Our simple request to folks that should know better: Stop it! These people you're describing are not remotely acting like gentlemen.

Rick and Leslie Lange



We need to reform? our political system

Now that the election is over, maybe we should concentrate on some changes to our political system. Let's start by getting rid of the ridiculous Citizens United Supreme Court ruling, which allows corporations to buy elections and pay millions for those terrible political ads that are filled with lies and half-truths, by passing an amendment or having Congress pass public financing laws.

Secondly, let's expose those politicians who have taken an oath to the lobbyist, Grover Norquist, to never increase taxes – which supersedes their oath to the U.S. Constitution – and then ask those politicians to stop obstructing and begin to find compromise with the opposition. Let's end filibusters in the Senate, and eliminate the Electoral College so that our individual vote counts.

Then let's go back to standards set by Teddy Roosevelt and break up monopolies like those "too big to fail" banks on Wall Street. But most importantly, let's set much more stringent rules against lobbyists who control our government. Why not reward businesses that stay in the United States and stop subsidies for companies that move to China? And while we are at it, let's stop subsidies to the oil companies and get rid of the tax loopholes that allow corporations to avoid taxes.

Maybe we should also create a new party that represents the interests of the middle class and not the lobbyists. In a country where the most important right of all is to vote and with 21st century technology, why do voters have to stand in line for eight hours? Finally, how about applying the truth test to the unqualified "blowhards" on radio and TV who are responsible for stirring up the hatred that so divides us?

John W. Kowalski



Let's open the gate? at Akron Falls Park

Both local residents and visitors enjoy strolling through the picturesque Akron Falls Park in the summer months. And beautiful fall days are just as perfect for walking, jogging, biking or just relaxing. Unfortunately, there is no access to this beautiful park. The main entrance off Parkview in the Village of Akron has been closed since mid-September for work on the bridge, which was expected to be completed by mid-November. However, work stopped on the bridge weeks ago, the road at the hill remains closed and there is no way for anyone to access that portion of the park, or get to walk along the beautiful nature trail leading to the gorgeous falls.

Additionally, the entrance gate to the delightful Brooklyn Street portion of the park, off Buell Street in the village, was locked when the region was at its peak of picturesque autumn beauty. A new sign posted at that entrance notes winter hours until dusk. It's not winter yet, but we still can't enjoy our parks. Perhaps the Village of Akron should consider taking over its beautiful park and let the residents who help to keep it clean enjoy it, rather than depend on the county.

Mark Wilson



Parker will be missed ?by local art community

Much has been written and much more will be said about the loss of Catherine B. Parker. What is meaningful to me is that through meeting her and becoming friends almost a decade ago, the words creativity and spirituality were not mutually exclusive.

She introduced "salon" to many of us interested explorers. We learned that centering moments helped us gather our thoughts as we embarked on conversations together while honing our listening skills. Having a theme versus an agenda, salon was about sharing creative influences and artistic outlets.
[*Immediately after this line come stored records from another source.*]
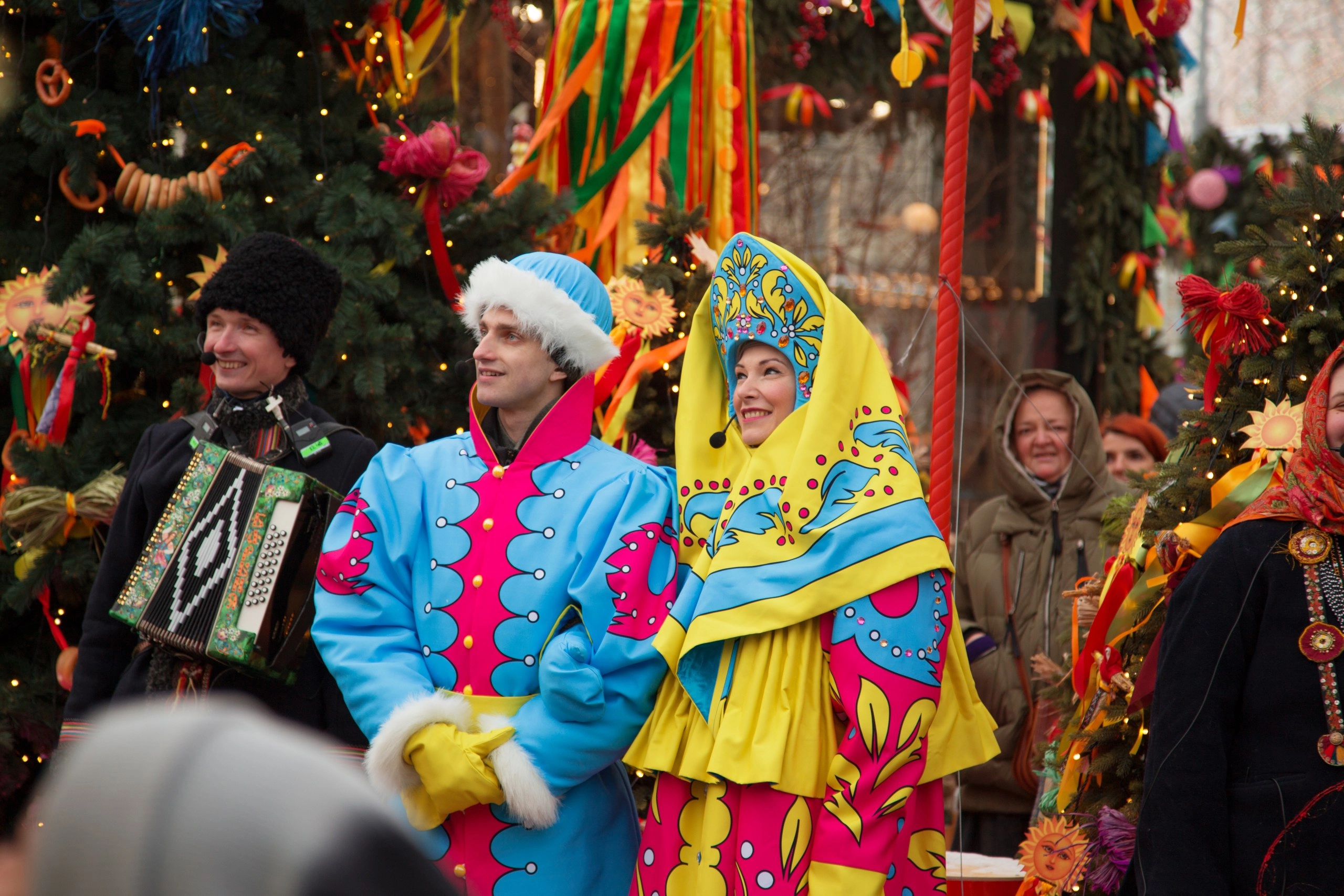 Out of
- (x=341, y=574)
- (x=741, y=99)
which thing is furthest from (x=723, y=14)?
(x=341, y=574)

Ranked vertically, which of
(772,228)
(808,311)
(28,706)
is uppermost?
(772,228)

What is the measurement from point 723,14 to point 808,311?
2.48 m

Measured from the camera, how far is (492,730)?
8.66 ft

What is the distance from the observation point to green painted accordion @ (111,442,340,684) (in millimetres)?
3115

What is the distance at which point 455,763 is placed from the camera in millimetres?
2578

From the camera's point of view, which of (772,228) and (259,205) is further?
(772,228)

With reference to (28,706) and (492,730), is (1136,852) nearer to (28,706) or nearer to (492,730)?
(492,730)

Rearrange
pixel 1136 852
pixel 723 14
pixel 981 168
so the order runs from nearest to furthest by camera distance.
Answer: pixel 1136 852, pixel 723 14, pixel 981 168

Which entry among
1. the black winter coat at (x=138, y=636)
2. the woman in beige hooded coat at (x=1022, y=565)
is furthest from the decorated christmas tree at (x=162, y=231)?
the woman in beige hooded coat at (x=1022, y=565)

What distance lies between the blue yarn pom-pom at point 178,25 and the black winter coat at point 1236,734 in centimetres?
335

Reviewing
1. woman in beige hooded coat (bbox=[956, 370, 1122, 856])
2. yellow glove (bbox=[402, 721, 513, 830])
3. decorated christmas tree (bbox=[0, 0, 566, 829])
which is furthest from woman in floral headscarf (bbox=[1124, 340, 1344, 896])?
decorated christmas tree (bbox=[0, 0, 566, 829])

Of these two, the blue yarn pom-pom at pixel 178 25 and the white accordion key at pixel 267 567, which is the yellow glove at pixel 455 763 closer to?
the white accordion key at pixel 267 567

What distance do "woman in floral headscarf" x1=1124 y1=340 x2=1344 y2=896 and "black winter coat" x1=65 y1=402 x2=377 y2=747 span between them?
182 cm

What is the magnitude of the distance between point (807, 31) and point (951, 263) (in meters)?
3.84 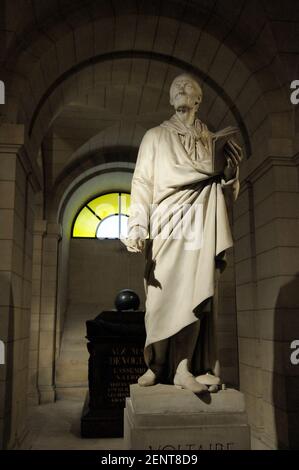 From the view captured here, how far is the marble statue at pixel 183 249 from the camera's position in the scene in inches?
108

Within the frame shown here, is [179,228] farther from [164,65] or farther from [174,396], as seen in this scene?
[164,65]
It was about discussing our words through poetry, writing or song. It was about expressing ourselves through painting, photography or fiber.
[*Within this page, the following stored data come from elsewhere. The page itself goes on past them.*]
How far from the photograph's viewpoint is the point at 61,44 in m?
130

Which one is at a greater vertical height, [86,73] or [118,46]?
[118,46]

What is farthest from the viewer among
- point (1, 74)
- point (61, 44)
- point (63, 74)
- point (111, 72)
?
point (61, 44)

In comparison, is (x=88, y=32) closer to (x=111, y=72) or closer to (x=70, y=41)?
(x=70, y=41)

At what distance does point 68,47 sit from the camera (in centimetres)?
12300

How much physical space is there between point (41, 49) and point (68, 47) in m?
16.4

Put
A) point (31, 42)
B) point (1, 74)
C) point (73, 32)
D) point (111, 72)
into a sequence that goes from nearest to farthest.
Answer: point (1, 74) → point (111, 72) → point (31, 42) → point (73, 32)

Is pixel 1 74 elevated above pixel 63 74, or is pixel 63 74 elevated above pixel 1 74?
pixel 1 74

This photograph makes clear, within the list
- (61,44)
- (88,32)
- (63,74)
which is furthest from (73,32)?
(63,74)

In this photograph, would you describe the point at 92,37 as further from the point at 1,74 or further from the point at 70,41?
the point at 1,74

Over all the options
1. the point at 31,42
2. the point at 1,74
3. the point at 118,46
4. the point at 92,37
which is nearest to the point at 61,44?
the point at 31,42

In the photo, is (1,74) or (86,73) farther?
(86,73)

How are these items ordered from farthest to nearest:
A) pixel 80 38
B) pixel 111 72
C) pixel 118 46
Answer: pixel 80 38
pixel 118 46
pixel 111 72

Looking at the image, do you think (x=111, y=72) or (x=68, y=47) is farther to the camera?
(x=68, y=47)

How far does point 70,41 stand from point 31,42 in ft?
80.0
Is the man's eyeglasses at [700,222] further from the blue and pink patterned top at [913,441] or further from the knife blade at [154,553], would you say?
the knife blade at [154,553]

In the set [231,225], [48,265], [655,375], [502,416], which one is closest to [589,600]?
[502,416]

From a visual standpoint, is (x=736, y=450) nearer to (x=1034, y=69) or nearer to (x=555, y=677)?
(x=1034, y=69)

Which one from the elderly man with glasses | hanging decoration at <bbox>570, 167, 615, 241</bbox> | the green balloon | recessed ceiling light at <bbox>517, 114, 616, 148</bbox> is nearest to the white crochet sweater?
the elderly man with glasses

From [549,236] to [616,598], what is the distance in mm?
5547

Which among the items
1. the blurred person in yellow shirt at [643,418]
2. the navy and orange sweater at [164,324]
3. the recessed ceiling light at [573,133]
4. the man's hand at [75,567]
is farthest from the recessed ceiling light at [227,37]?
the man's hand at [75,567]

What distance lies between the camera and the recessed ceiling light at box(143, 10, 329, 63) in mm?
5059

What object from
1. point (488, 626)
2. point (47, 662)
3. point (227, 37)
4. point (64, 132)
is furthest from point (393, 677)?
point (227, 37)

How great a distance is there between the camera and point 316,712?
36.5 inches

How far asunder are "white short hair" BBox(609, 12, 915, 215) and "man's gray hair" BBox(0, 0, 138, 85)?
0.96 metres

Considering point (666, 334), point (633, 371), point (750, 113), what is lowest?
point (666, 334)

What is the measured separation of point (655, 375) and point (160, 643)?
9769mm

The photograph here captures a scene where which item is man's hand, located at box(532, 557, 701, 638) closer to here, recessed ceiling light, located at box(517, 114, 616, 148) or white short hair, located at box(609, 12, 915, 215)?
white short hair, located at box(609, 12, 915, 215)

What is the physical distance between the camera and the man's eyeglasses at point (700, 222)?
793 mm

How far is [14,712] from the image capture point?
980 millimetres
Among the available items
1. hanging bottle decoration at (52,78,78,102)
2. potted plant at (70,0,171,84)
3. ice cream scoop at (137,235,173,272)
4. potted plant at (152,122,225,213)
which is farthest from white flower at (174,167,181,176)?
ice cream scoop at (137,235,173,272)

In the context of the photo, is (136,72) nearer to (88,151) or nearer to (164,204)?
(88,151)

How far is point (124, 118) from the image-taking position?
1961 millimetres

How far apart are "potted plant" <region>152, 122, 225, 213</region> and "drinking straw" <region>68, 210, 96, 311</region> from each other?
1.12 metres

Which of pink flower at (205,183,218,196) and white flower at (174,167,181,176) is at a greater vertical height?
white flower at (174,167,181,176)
It was where we learned contemplation in an intentional space. It was where we connected for a brief grace-filled moment in our burgeoning artistic pursuits. It was good medicine. Would that we all discern the importance of this in our harried and hurried world. Would that we all endeavor to be more quiet and kind and appreciate all that we are gifted with, for we were gifted Catherine B. Parker.

As Colin Dabkowski wrote, may her legacy help us uncover the beauty and significance in the everyday in our own private thanksgivings.